Artificial Intelligence is the buzzword for the technological revolution happening around the world in science, industry, and education.
Creating machines that can “learn,” respond, and act according to the desired outcome is what everyone is endeavouring for.
Given this focus, organisations are investing more and more in replacing older systems with newer ones powered through AI.
Resolving employee queries using chatbots, the first level of job application screening through AI-powered systems, risk evaluation, learning, and development – there are many such areas where larger companies have invested in AI and are reaping benefits. Smaller organisations and start-ups, too, are not far behind.
With the growing need for Artificial Intelligence, there is a huge demand for AI professionals and Machine Learning Experts getting built up.

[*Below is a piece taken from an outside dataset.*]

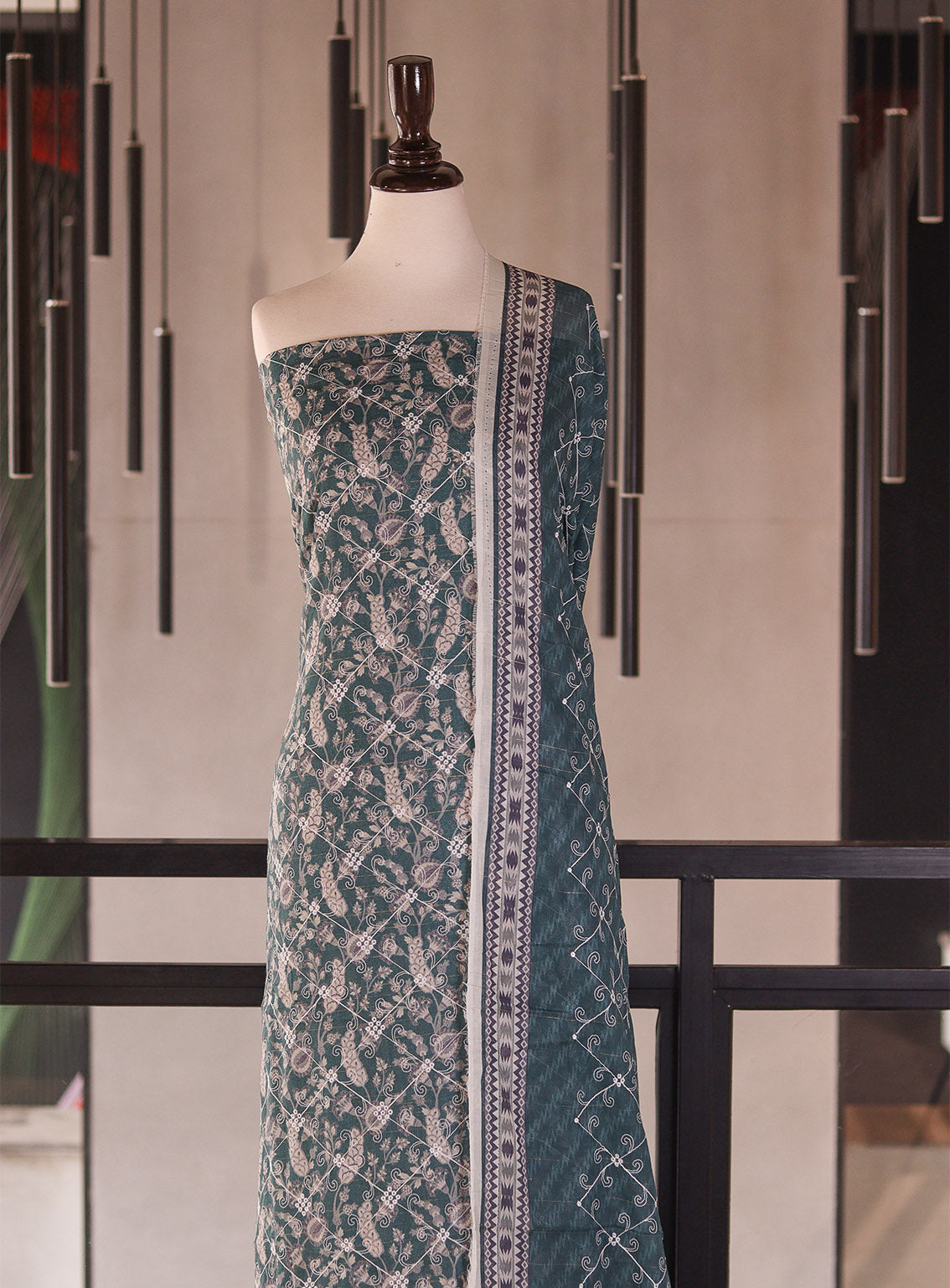 Royal Fashion Embroidered Chikankari Lawn 3 Piece Unstitched Suit RF26EU D-01 Green Royal Fashion Embroidered Chikankari Lawn 3 Piece Unstitched Suit RF26EU D-01 Green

Engineering students, too, are showing interest in taking up this subject to enter the industry and grab up the opportunities.
While Artificial Intelligence is the result of a series of technologies involved in creating a “smart” process, Machine Learning, Neural Networks, data science are some of the building blocks which need to be learned to build a career in AI. These are the “skills” learned with an Artificial Intelligence course.
The BMU Perspective
BML Munjal University was created to bring about a change in the way education is delivered to students. At BMU, we give a lot of focus to the course curriculum.
It is designed and customised from a regular one with the help of industry experts. We have collaborated with the Imperial College of London, which makes our courses with a truly global mindset.
Our Bachelor in Electronics and Communications Engineering course is no exception in this regard. We have several subjects involving the latest technology incorporated in the course – Artificial Intelligence and Machine Learning is one of them.
To truly excel in any field, we believe that students must transition from academia to the corporate world. We make it possible through our multiple industry interfaces and relevant courses so that our students can settle smoothly in the corporate.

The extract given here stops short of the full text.